MUSARA Philippines 1

von Maria-Christina Eggers (Kommentare: 3)

Ankunft und erste Begegnungen

Flughafen Manila! Wir sind angekommen, nach einem langen Flug. RITA holt uns ab. Sie ist Filipina, Zahnärztin und aktiv in einer NGO für Menschenrechte. Ihr Schwerpunkt ist die medizinische Versorgung von Folteropfern, Gefangenen und den Ärmsten der Armen. Sie arbeitet zusammen mit zwei weiteren NGO’s, die juristische Unterstützung geben und die Übergriffe und Tötungen dokumentieren. Das ist ein sehr wichtiger Teil im Einsatz für Menschenrechte. Nur so haben die betroffenen Familien jemals eine Chance auf Anerkennung des Unrechts, moralisch und finanziell. Die Organisationen werden durch die UNO in Genf und verschiedene europäische Einrichtungen finanziert.

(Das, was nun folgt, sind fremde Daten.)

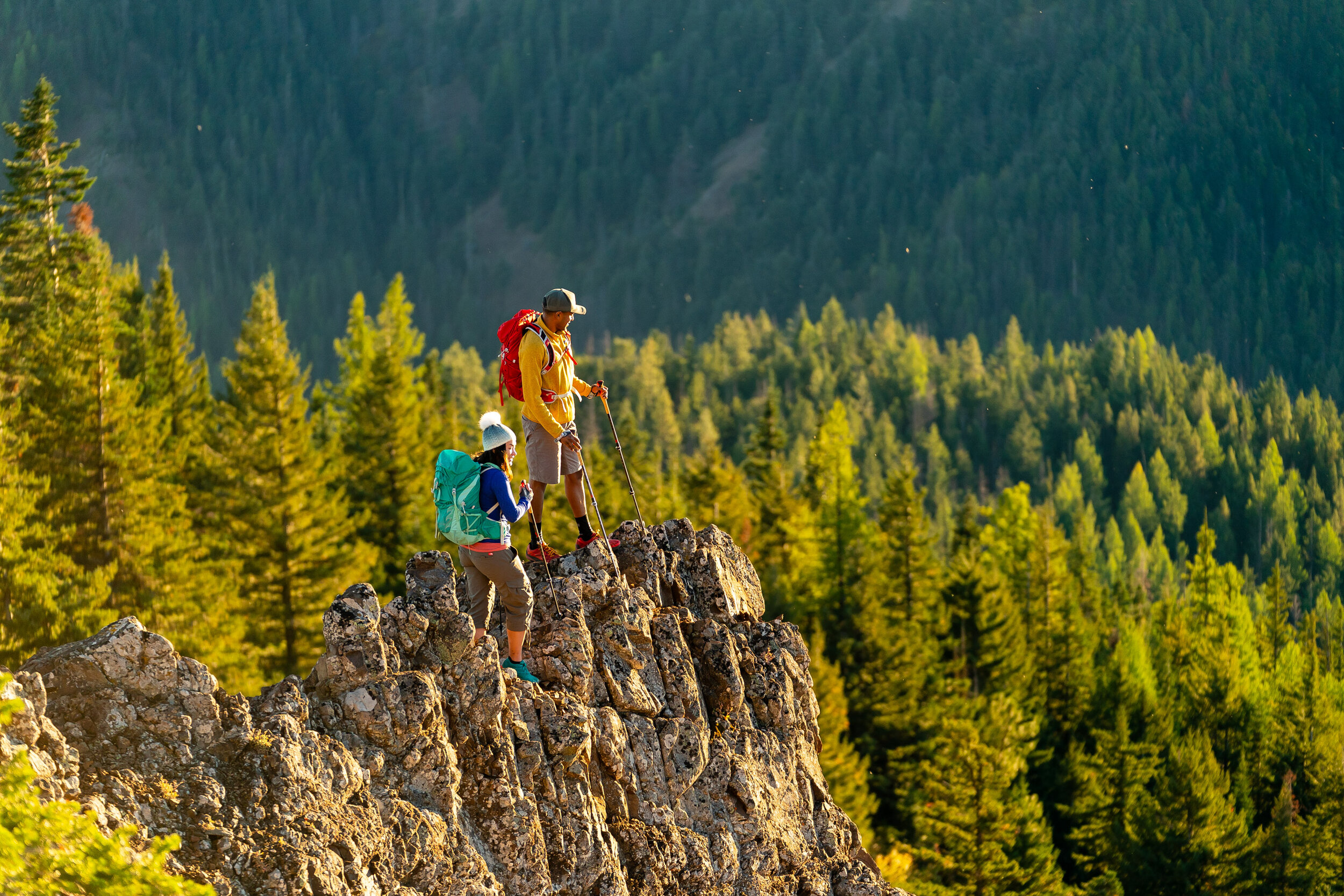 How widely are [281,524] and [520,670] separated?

Wir sind gebeten worden, für 20 aktive Mitglieder dieser NGO’s einen Workshop zu halten. Ihre Bitte war es insbesondere, sie selber zu stärken im Abbau von Stress und im Stärken ihrer eigenen Resilienz, ihrer Spannkraft.  In zweiter Linie möchten sie ein Instrumentarium in die Hand bekommen, mit dem sie weiter arbeiten können.

Die Brücke zu RITA ist eine philippinische Familie, der wir seit Jahrzehnten durch das Katharina-Werk eng verbunden sind. EMMA ist eine Frau, die beruflich Menschen in verschiedenen Notsituationen berät. Sie ist sozial und politisch leidenschaftlich engagiert. Ihr Mann ist ein Folteropfer der Marcos-Diktatur.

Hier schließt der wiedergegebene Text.